- What is being asked
Reproduce word for word the lines between those holding "Regular Fit Solid Mid Rise Shorts" and "Ecommerce SEO guide", inclusive, and nothing else from the data below.

- Source material
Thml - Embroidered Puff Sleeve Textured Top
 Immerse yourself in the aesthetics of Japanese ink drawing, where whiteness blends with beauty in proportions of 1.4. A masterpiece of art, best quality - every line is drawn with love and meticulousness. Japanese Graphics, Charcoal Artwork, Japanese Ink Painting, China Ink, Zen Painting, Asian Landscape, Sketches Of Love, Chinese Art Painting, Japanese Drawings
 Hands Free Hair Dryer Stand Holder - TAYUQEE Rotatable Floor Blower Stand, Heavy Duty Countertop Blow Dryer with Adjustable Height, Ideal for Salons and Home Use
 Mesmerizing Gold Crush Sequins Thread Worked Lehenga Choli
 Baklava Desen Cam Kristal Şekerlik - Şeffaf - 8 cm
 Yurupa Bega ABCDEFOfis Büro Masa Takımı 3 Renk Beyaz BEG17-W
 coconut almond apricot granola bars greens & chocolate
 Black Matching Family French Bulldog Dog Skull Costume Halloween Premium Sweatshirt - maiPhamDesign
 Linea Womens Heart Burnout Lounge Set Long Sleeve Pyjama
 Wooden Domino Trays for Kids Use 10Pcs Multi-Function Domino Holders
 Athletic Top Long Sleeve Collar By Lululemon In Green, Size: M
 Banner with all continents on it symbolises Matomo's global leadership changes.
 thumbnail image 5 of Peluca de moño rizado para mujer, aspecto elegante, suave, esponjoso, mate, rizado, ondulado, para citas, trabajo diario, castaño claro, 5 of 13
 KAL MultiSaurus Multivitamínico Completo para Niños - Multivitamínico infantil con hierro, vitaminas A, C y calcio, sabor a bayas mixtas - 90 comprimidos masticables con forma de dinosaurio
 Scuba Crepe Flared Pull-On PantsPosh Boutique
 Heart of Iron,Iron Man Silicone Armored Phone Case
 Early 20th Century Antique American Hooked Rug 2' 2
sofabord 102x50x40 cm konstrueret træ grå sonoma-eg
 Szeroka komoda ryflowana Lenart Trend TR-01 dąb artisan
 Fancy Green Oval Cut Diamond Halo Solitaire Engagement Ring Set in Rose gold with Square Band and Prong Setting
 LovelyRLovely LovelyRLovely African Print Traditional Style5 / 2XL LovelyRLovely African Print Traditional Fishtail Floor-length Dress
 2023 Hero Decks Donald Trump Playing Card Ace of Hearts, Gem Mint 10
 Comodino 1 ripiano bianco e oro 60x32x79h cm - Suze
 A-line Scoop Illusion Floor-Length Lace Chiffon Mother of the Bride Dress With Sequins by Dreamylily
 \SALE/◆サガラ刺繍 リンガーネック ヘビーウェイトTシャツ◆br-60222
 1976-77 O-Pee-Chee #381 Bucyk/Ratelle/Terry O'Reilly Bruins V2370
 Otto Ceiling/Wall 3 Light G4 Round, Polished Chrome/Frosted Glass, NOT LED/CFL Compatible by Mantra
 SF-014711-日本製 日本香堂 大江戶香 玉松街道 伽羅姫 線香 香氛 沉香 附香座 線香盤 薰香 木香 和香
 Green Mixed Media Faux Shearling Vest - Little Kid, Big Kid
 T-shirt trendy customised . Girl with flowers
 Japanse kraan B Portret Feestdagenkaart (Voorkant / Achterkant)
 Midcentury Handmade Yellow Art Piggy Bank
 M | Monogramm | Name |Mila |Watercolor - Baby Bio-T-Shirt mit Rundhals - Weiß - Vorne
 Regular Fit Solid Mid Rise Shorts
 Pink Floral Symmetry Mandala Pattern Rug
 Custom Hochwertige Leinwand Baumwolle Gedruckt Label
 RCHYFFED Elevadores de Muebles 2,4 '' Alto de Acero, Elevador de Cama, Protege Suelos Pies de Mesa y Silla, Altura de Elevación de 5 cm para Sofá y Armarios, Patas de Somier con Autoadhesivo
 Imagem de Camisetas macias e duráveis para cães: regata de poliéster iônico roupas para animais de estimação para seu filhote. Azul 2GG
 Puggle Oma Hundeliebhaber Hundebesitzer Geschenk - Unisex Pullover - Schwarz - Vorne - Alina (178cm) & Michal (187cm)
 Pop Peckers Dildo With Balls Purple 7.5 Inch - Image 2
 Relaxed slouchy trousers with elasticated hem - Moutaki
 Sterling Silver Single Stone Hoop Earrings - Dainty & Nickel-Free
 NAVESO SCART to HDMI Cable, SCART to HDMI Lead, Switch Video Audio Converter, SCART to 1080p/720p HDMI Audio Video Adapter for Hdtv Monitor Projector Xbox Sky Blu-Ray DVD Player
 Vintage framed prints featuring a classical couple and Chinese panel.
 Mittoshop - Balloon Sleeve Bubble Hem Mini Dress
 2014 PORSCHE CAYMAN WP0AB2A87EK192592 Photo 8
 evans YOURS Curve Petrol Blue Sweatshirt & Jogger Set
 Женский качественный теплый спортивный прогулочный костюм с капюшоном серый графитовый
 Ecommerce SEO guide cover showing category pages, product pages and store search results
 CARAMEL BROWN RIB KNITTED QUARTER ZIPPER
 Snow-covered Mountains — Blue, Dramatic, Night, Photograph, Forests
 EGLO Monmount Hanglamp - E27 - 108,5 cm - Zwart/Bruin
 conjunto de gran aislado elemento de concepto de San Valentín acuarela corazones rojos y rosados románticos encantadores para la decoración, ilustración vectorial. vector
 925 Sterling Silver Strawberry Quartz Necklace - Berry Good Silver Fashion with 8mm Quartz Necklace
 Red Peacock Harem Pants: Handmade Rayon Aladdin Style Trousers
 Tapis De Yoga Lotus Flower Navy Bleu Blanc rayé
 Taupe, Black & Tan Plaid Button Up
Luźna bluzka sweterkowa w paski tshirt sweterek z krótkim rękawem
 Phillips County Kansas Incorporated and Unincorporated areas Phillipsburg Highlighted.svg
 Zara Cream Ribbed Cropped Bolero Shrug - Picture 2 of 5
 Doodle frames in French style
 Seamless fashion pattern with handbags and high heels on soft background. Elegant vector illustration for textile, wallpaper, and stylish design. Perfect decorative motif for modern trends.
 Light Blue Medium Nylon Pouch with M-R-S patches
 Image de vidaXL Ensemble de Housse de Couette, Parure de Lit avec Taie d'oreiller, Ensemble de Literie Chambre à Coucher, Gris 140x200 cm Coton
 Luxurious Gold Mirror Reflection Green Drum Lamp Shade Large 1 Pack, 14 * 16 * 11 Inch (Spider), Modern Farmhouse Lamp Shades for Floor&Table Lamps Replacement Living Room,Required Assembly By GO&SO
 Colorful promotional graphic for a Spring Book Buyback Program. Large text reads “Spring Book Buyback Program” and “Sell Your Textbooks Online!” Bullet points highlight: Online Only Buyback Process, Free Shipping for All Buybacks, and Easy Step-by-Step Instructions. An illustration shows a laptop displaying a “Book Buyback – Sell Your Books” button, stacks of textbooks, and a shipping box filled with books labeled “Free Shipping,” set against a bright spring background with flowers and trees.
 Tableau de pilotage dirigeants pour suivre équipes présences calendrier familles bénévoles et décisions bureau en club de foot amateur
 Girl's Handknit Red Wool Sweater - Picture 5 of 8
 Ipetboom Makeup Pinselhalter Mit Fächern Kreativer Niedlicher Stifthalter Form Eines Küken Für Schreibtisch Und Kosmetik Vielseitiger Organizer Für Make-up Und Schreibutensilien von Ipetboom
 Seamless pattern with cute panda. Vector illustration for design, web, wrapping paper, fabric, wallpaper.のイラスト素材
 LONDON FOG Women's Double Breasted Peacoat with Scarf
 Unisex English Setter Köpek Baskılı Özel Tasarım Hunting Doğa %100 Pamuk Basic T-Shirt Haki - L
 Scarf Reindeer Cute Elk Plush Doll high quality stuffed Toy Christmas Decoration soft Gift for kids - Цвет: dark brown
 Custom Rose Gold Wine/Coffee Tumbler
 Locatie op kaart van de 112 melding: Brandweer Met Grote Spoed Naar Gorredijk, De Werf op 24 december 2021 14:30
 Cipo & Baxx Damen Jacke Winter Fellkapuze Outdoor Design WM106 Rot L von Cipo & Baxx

- Answer box
 Regular Fit Solid Mid Rise Shorts
 Pink Floral Symmetry Mandala Pattern Rug
 Custom Hochwertige Leinwand Baumwolle Gedruckt Label
 RCHYFFED Elevadores de Muebles 2,4 '' Alto de Acero, Elevador de Cama, Protege Suelos Pies de Mesa y Silla, Altura de Elevación de 5 cm para Sofá y Armarios, Patas de Somier con Autoadhesivo
 Imagem de Camisetas macias e duráveis para cães: regata de poliéster iônico roupas para animais de estimação para seu filhote. Azul 2GG
 Puggle Oma Hundeliebhaber Hundebesitzer Geschenk - Unisex Pullover - Schwarz - Vorne - Alina (178cm) & Michal (187cm)
 Pop Peckers Dildo With Balls Purple 7.5 Inch - Image 2
 Relaxed slouchy trousers with elasticated hem - Moutaki
 Sterling Silver Single Stone Hoop Earrings - Dainty & Nickel-Free
 NAVESO SCART to HDMI Cable, SCART to HDMI Lead, Switch Video Audio Converter, SCART to 1080p/720p HDMI Audio Video Adapter for Hdtv Monitor Projector Xbox Sky Blu-Ray DVD Player
 Vintage framed prints featuring a classical couple and Chinese panel.
 Mittoshop - Balloon Sleeve Bubble Hem Mini Dress
 2014 PORSCHE CAYMAN WP0AB2A87EK192592 Photo 8
 evans YOURS Curve Petrol Blue Sweatshirt & Jogger Set
 Женский качественный теплый спортивный прогулочный костюм с капюшоном серый графитовый
 Ecommerce SEO guide cover showing category pages, product pages and store search results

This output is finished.